- **Work instructions**:
Your answer must be an exact copy of the data below, minus any pictures.

- **Records for the task**:
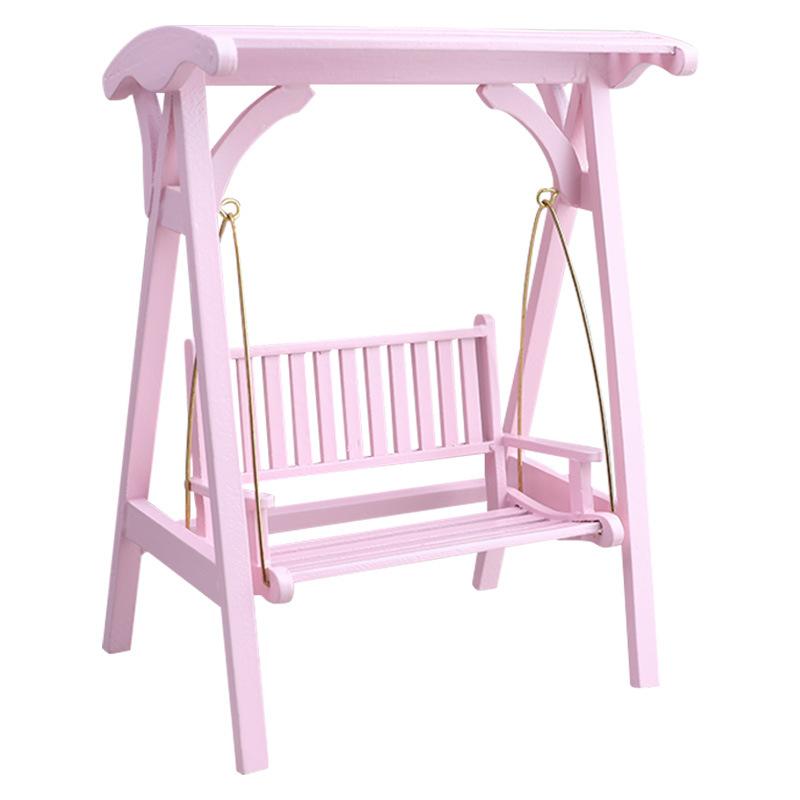1Pcs Mini Furniture Wooden Crafts Storage Cabinet Bookcase 1: 12 Dollhouse Miniature Porch Swing Garden Decor Accessories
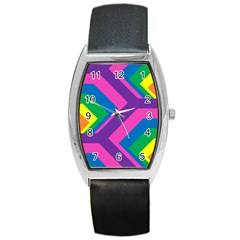 Geometric Rainbow Spectrum Colors Barrel Style Metal Watch by Nexatart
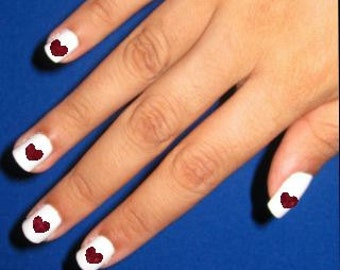 Nail decals, red glitter Valentine hearts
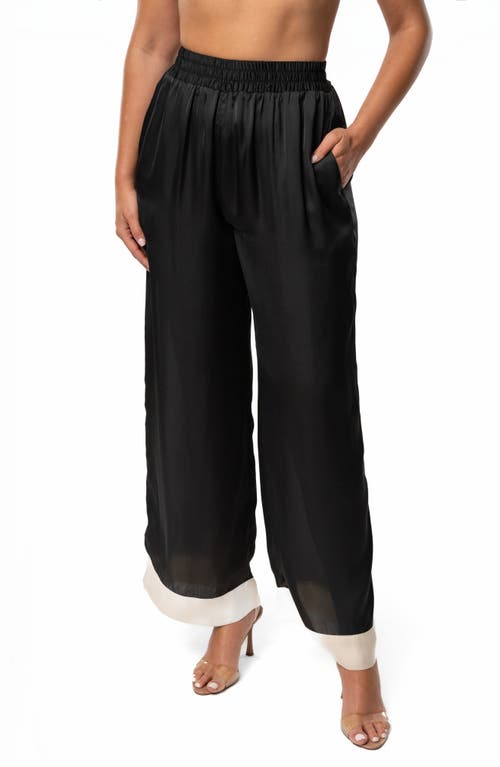 Jluxlabel Jet Set Satin Wide Leg Pants In Black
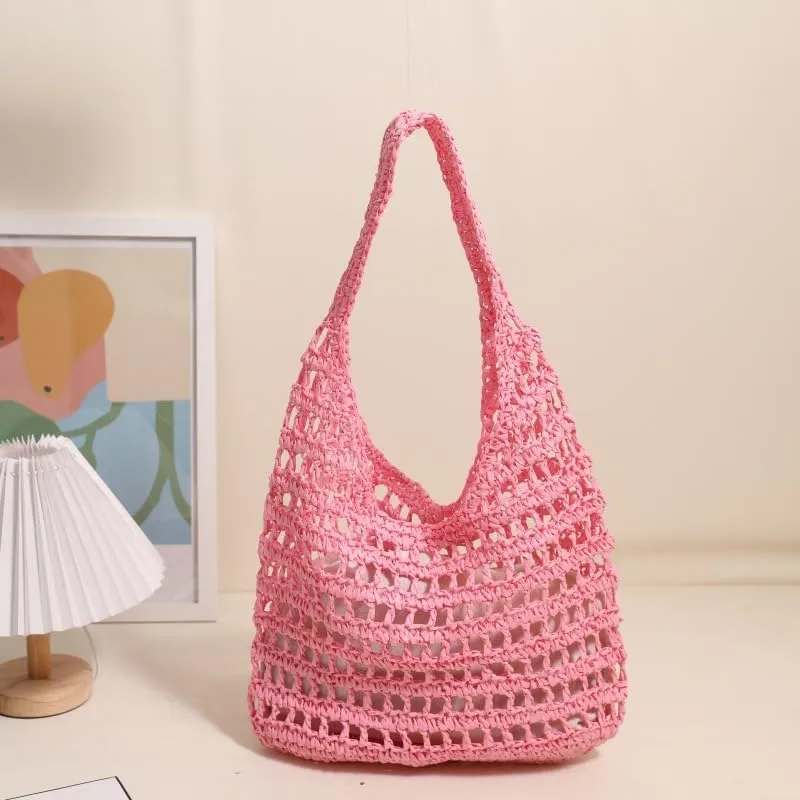 Straw Beach Vacation Tote Bags for Women Raffia Woven Crochet Boho Hobo Shoulder Bag Summer Large Mesh Handbags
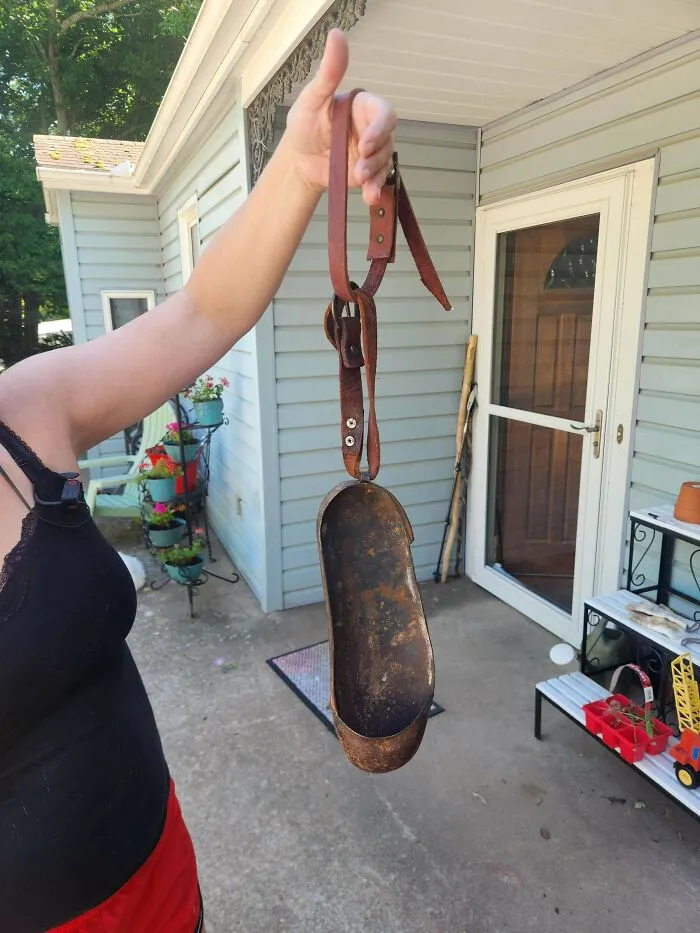 Metal Overshoe With Leather Straps. No Waiting Or Stamps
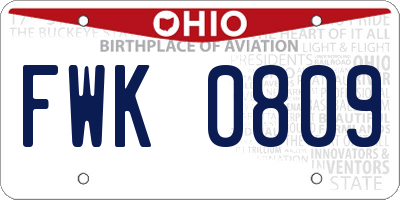 OH license plate FWK0809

- **Solution to the problem**:
1Pcs Mini Furniture Wooden Crafts Storage Cabinet Bookcase 1: 12 Dollhouse Miniature Porch Swing Garden Decor Accessories
 Geometric Rainbow Spectrum Colors Barrel Style Metal Watch by Nexatart
 Nail decals, red glitter Valentine hearts
 Jluxlabel Jet Set Satin Wide Leg Pants In Black
 Straw Beach Vacation Tote Bags for Women Raffia Woven Crochet Boho Hobo Shoulder Bag Summer Large Mesh Handbags
 Metal Overshoe With Leather Straps. No Waiting Or Stamps
 OH license plate FWK0809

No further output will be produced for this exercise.